The fore-runner of Sandesha Kavya is a small poem bearing the title - "Poem of the Broken-jug" which is a poem by Ghatakarpara on the message sent to the husband by a wife who was in grief on account of separation; it deals with the lamentation of the abandoned wife who does not address her lamentation to one person alone but to the monsoon clouds, her confidante, her distant husband and some trees but none of them entrusted with the task of carrying her message. The poem is of twenty-four stanzas in five different metres. Even though nothing is known about the poet except his name which stands mentioned at the very end of the poem but he is believed to be contemporary of Kalidasa and one of the Nine Gems in the court of Vikramāditya, though he does not reach the lofty, subtle, romantic height of Kalidasa. Abhinavagupta holds the view that this poem was actually written by Kalidasa, and has written a commentary on it, but the construction etc., of the poem indicates that Kalidasa did not write this poem.

Eminent Sandesha kavyas

In Kalidasa’s Meghadūta, the messenger is the cloud, in Dohyi’s Pavanadūta, the messenger is the wind, in Udaya’s Mayurasandeśa, the messenger is the peacock.

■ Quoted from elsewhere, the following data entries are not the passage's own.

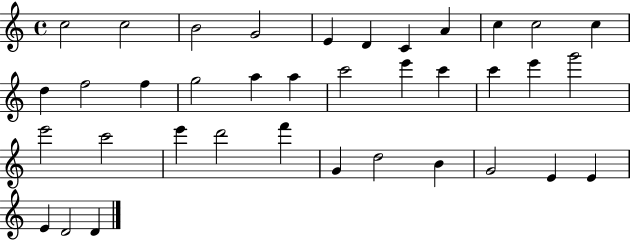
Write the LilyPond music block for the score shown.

{
  \clef treble
  \time 4/4
  \defaultTimeSignature
  \key c \major
  c''2 c''2 | b'2 g'2 | e'4 d'4 c'4 a'4 | c''4 c''2 c''4 | \break d''4 f''2 f''4 | g''2 a''4 a''4 | c'''2 e'''4 c'''4 | c'''4 e'''4 g'''2 | \break e'''2 c'''2 | e'''4 d'''2 f'''4 | g'4 d''2 b'4 | g'2 e'4 e'4 | \break e'4 d'2 d'4 | \bar "|."
}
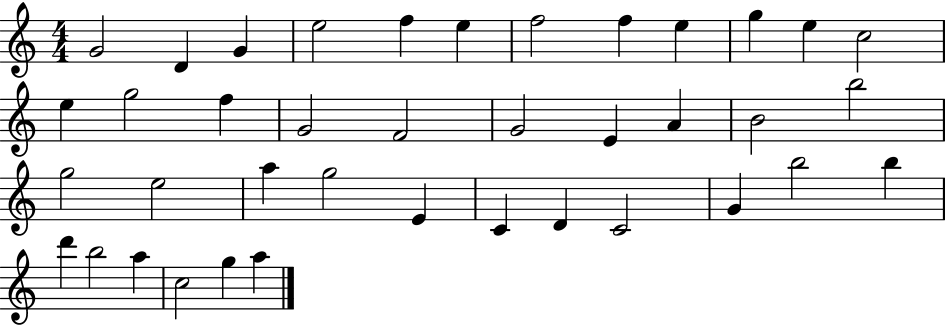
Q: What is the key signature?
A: C major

The methodology employed by Kalidāsa in the construction of his Meghadūta, a lyric in a little over one hundred verses that personifies objects of Nature and describes Nature with all its beauties and glories, has been imitated by later Sanskrit poets.

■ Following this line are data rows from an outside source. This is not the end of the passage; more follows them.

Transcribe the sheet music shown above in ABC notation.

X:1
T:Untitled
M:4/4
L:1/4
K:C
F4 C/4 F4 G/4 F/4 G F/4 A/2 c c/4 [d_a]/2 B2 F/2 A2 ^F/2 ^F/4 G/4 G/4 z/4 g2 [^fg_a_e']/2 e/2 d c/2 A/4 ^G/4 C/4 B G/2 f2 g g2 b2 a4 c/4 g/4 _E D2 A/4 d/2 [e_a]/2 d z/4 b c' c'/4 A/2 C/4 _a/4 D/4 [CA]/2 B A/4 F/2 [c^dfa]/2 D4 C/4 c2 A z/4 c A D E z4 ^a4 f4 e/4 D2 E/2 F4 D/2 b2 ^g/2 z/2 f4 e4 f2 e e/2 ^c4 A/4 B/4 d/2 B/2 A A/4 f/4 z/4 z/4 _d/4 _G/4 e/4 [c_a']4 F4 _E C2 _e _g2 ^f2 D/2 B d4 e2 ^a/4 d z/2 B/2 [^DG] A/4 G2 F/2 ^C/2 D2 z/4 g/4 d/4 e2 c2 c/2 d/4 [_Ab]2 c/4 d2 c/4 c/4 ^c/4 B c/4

Pavanadhuta is written by Dhoyin a 12th century CE court poet the Gauda king Lakshmana of the Sena dynasty. The poet narrates tells the story of a gandharva maiden Kuvalayavatī who falls in love with King Lakshmana. She asks the wind (Pavan) to take her message of love to the king.

Bhavabhuti used this metre for Act IX 25-26 of his Mālatīmādhava in which the abandoned Mādhava searching for a cloud to take his message to Mālatī speaks in Mandākrāntā metre.

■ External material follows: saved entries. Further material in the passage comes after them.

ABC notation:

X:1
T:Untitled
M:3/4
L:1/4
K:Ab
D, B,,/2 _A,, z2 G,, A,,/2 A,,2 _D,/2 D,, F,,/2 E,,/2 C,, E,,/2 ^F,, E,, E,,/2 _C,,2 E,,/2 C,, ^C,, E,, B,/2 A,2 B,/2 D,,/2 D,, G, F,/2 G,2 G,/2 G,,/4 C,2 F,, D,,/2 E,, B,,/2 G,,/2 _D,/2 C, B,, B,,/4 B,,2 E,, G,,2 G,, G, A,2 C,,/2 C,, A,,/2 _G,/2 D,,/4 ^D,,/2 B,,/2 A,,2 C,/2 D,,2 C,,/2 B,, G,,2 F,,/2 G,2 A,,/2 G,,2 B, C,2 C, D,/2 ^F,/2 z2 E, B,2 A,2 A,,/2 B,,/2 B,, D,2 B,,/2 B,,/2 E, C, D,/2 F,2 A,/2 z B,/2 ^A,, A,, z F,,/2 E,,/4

These apart, there is the message sent by a devotee to the Lord described in Hamsasandeśa of Venkatanātha Vedāntadeśika, and the message from the wife to husband in Cakorasandeśa of Vāsudeva of Payyur.

Arrangement of content

Sandeśa kāvyas are always in two parts; in the first part, the hero is presented, there appears the messenger and the route to the destination is described. The second part includes the destination, the house of the heroine, the heroine and her state of grief in separation, the message describing the hero’s own condition and a word of solace, with an identification mark mentioning some incident the hero and the heroine could know, to assure that the messenger is genuine. The messenger can be anyone – a person, a bird, a bee or a cloud or wind, and that messenger provides very interesting descriptions of cities en route with palaces and temples, pubs and parks, theatres, mansions and streets; the country parts and forests, hills and rivers, animals and birds, trees, creepers and flowers, cultivated fields and peasant girls, artisans. Love in separation is the chief emotion depicted in this type of lyrical poetry and there is certain individuality in the treatment of the theme; this type of poetry is not found in any other literature.

Mandākrāntā metre

The metre used is known as Mandākrāntā which is slow-moving and consists of pada of four lines each, with each line of seventeen syllables as in Kālidāsa's poem Meghadūta Stanza 15:

रत्नच्छायाव्यतिकर इव प्रेक्ष्यमेमत् पुरुस्ताद् वल्मीकाग्रात् प्रभवति धनुष्खण्डमाखण्डलस्य |
येन श्यामं वपुरतितरां कान्तिमापत्स्यते ते बर्हेणेव स्फुरितरुचीना गोपवेशस्य विष्णोः ||१५||

| – – – – | u u u u u – | – u – – u – x |

"Like the blending of tints in the jewels, to the Eastward, at the top of the mountain of Valmīkā, will appear a portion of a bow of Akhandala (Indra), by means of which thy dark blue body will gain excessive beauty, like that of the Shepherd clad Vishnu (Lord Krishna) from peacock’s tail, which possesses glittering beauty."

In other Indian languages
Sandesha Kavyas are found written in many other Indian languages. Unnuneeli Sandesham, one of the oldest literary works in Malayalam language is composed as a Sandesha Kavya.